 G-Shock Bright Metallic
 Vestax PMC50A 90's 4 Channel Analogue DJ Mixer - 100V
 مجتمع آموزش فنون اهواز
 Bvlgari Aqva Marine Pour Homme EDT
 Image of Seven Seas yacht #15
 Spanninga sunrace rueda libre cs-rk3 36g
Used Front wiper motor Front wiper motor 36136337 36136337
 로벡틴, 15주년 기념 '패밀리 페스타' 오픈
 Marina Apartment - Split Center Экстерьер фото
_ _ _ _ _
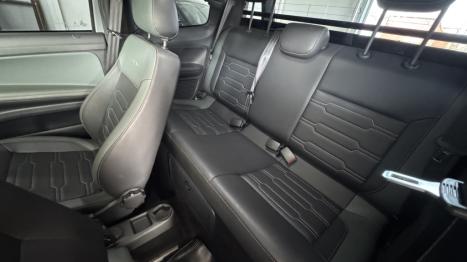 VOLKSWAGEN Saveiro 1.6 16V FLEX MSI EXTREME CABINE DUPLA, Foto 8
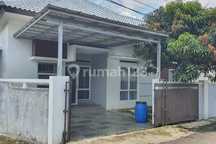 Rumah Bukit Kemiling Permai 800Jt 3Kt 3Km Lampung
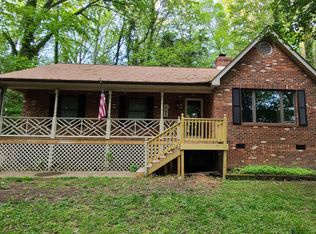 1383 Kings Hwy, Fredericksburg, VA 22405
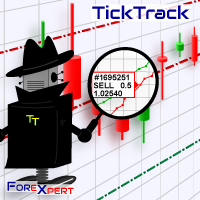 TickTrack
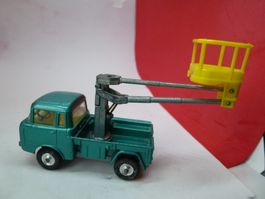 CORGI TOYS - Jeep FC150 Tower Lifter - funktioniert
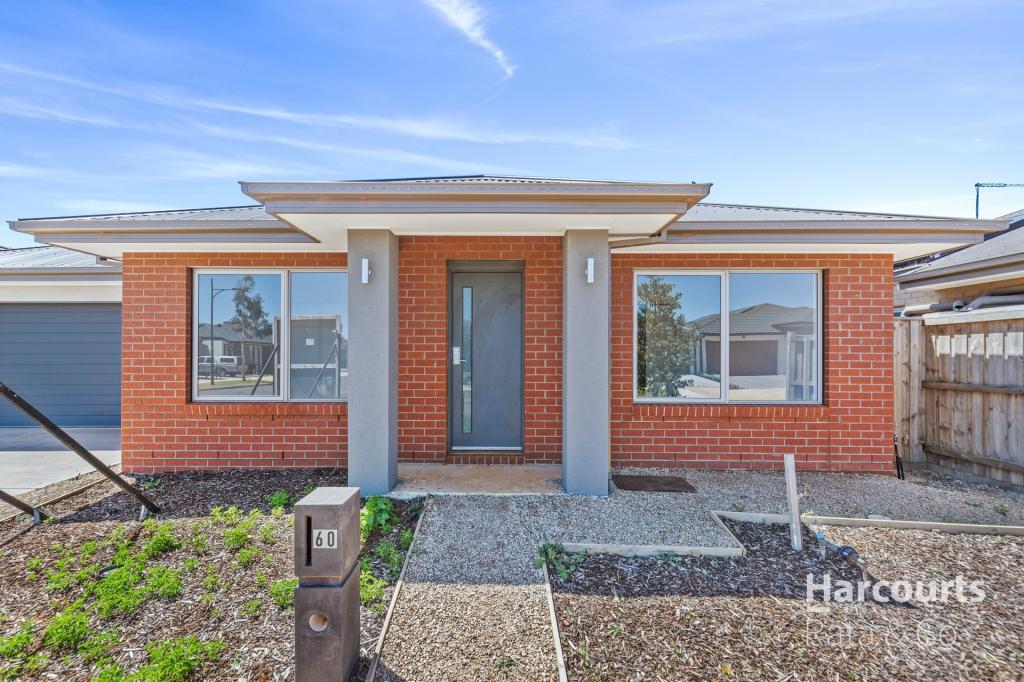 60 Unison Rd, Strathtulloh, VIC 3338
_ _ _ _ _
**REQUIRED WORK:** Copy back exactly the lines above from the one containing "1383 Kings Hwy, Fredericksburg, VA 22405" through the one containing "60 Unison Rd, Strathtulloh, VIC 3338", and leave every picture behind.

**RESPONSE BOX:**
 1383 Kings Hwy, Fredericksburg, VA 22405
 TickTrack
 CORGI TOYS - Jeep FC150 Tower Lifter - funktioniert
 60 Unison Rd, Strathtulloh, VIC 3338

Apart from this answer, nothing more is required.